These results can be recreated by running SingleEntityReadLazy (in test classpath) from GitHub sub-project
many-to-one-lazy.
How bulletproof is Hibernate’s solution?
Pretty much bulletproof, I have to say. As presented here, we annotated fields, which means we
implied Access(FIELD). Hibernate can’t get away with just intercepting getters/setters, it has
to do better. Let’s try a bit of reflection:
1 System.out.println("\nfind");
2 Dog dog = em.find(Dog.class, 1);
3 System.out.println("\nhacking");
4 Field breedField = dog.getClass().getDeclaredField("breed");
5 System.out.println(breedField.getType());
6 breedField.setAccessible(true);
7 Object val = breedField.get(dog);
8 System.out.println("val = " + val);
And now the console output mixed with logs:
1 find
2 Hibernate: select dog0_.id as id1_1_0_, dog0_.breed_id as breed_id3_1_0_,
3 dog0_.name as name2_1_0_ from Dog dog0_ where dog0_.id=?
4
5 hacking
6 class modeltoone.Breed
7 Hibernate: select breed0_.id as id1_0_0_, breed0_.derivedFrom_id as derivedF3_0_0_,
8 breed0_.name as name2_0_0_ from Breed breed0_ where breed0_.id=?
9 val = Breed{id=3, name='collie'}
This is perfectly lazy. The solution seems even magic when you think about it.
Lazy to-one not guaranteed
Doing lazy collection (@OneToMany or @ManyToMany) is not a problem,
we would probably mess around a bit but eventually we would create some collection implementation
that does it right. The trick is we have the actual entities wrapped in a collection that works
as an intermediary. We don’t need to perform any bytecode voodoo on the entity class.
With to-one situation changes dramatically as you have no intermediary. It would be interesting if JPA at least offered some wrapper to enforce lazy behaviour when you really need it regardless of the JPA provider, but that would give away you’re using some ORM (like you don’t know) and even more voices would talk about that “leaking abstraction”.
While my tests with Hibernate looked great, the results are not portable across JPA providers as we saw. Also, I’d not bet that you’ll get the same results because there’s still a lot of questions how to make Hibernate lazy for to-one relationships, many of them quite new.
So the whole trouble with to-one is that you rely on out-of-language features (bytecode
manipulation) for LAZY support or suffer potentially very costly cascade of relation loading.
The cost may be alleviated by a cache somewhat, but you just trade CPU/network cost for memory
(and CPU for GC, mind you) – even if you don’t need most of the loaded data at all (maybe ever).

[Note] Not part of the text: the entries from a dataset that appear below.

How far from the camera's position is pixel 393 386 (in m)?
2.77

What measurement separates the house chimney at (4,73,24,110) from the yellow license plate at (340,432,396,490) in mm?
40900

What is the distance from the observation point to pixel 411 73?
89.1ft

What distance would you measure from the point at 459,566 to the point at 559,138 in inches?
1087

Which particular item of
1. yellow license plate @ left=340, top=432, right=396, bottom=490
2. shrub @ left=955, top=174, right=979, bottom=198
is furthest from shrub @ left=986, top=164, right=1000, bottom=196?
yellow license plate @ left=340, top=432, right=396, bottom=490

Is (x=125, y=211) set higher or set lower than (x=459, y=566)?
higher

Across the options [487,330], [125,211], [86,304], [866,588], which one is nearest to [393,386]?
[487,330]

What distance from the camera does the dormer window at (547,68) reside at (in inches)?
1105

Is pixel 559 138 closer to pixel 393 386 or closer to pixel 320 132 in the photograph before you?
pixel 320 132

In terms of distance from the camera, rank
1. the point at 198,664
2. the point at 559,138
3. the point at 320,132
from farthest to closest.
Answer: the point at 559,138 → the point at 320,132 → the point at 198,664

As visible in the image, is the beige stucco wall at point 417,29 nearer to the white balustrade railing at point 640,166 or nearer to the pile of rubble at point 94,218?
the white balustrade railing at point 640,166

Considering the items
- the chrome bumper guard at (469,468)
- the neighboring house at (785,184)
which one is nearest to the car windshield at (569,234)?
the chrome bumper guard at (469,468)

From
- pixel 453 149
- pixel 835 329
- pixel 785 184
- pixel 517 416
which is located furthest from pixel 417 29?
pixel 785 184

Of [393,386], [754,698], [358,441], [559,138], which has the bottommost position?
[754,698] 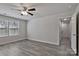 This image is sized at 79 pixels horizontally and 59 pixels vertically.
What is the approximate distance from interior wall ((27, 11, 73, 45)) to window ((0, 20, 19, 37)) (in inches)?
58.5

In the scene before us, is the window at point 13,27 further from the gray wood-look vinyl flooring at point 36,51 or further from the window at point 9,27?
the gray wood-look vinyl flooring at point 36,51

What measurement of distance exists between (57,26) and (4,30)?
4.08 meters

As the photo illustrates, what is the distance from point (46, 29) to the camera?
17.4 feet

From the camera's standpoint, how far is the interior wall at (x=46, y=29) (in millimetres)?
4652

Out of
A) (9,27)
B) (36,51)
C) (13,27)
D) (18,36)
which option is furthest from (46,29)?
(9,27)

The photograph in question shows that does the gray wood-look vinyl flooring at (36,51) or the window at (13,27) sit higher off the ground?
the window at (13,27)

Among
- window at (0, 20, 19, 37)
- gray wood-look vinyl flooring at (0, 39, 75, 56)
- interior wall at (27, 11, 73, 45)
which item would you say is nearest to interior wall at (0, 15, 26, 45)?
window at (0, 20, 19, 37)

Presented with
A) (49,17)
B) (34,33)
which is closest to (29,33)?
(34,33)

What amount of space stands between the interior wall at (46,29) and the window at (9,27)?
1.49 metres

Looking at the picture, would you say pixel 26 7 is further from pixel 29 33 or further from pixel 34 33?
pixel 29 33

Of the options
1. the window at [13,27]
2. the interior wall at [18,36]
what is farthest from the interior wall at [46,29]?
the window at [13,27]

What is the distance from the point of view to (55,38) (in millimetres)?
4715

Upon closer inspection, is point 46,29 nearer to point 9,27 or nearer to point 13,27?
point 13,27

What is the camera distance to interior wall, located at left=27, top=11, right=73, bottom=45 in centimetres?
465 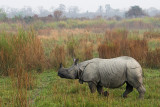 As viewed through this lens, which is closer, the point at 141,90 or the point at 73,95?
the point at 141,90

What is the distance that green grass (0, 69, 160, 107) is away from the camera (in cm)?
412

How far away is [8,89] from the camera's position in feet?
18.2

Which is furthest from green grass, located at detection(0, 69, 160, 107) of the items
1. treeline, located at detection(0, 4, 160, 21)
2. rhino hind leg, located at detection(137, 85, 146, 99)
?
treeline, located at detection(0, 4, 160, 21)

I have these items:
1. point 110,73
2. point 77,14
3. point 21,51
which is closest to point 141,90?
point 110,73

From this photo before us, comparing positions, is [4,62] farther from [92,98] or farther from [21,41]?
[92,98]

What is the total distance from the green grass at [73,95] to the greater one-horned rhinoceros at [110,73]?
0.26 metres

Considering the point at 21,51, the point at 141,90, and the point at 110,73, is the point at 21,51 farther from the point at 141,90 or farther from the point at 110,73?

Also, LAZY can work perfectly for WAR application in Java EE container but it may suddenly stop
working when switching to embedded container. I’m not saying that LAZY is not worth the trouble,
on the contrary, I believe that lazy relationship is essential for both to-many (as default) and
to-one (in most circumstances) but it indeed can be a lot of trouble during the build time or
runtime, especially in Java SE environment. Java EE with its default provider may be nice to us,
but it still isn’t guaranteed.
Dual relationship mapping
When I say dual mapping I mean mapping of the relationship both as an object and foreign key value. It looks like this:
1 @Entity
2 public class Dog {
3 ...
4 @ManyToOne
5 @JoinColumn(name = "breed_id", updatable = false, insertable = false)
6 private Breed breed;
7
8 @Column(name = "breed_id")
9 private Integer breedId;
I can’t find example of this anywhere in the [JPspec], neither can I find anything
that would forbid it (although I’m not really sure) – but it works in both major JPA providers.
The key is marking one of these attributes as readonly, that’s what updatable/insertable=false
does. The other mapping is primary – the one used for updates. I prefer when the raw foreign key
is primary because now I don’t need any Breed object for update when I have its ID already (it’s
easy to extract ID from the object if I have it too). Getters are returning values for respective
fields, setters are designed in such a way that the persisted field (here foreign key value) is
always updated:
1 public Breed getBreed() {
2 return breed;
3 }
4
5 public void setBreed(Breed breed) {
6 this.breed = breed;
7 breedId = breed.getId();
8 }
9
10 public Integer getBreedId() {
11 return breedId;
12 }
13
14 public void setBreedId(Integer breedId) {
15 this.breedId = breedId;
16 }
In this case it means merely setting the breedId field when breed is updated. We don’t care
about breed in the other setter. Programmer has to know that foreign key value is primary
breed attribute here and act accordingly. For instance, this setup is not transparent when
persisting new entities. If we persist a fresh breed there is no guarantee its ID is already
available as autoincrement fields are filled in after the actual INSERT is flushed to the
database. With EclipseLink we have to force it if we need the ID – calling setBreed(newBreed)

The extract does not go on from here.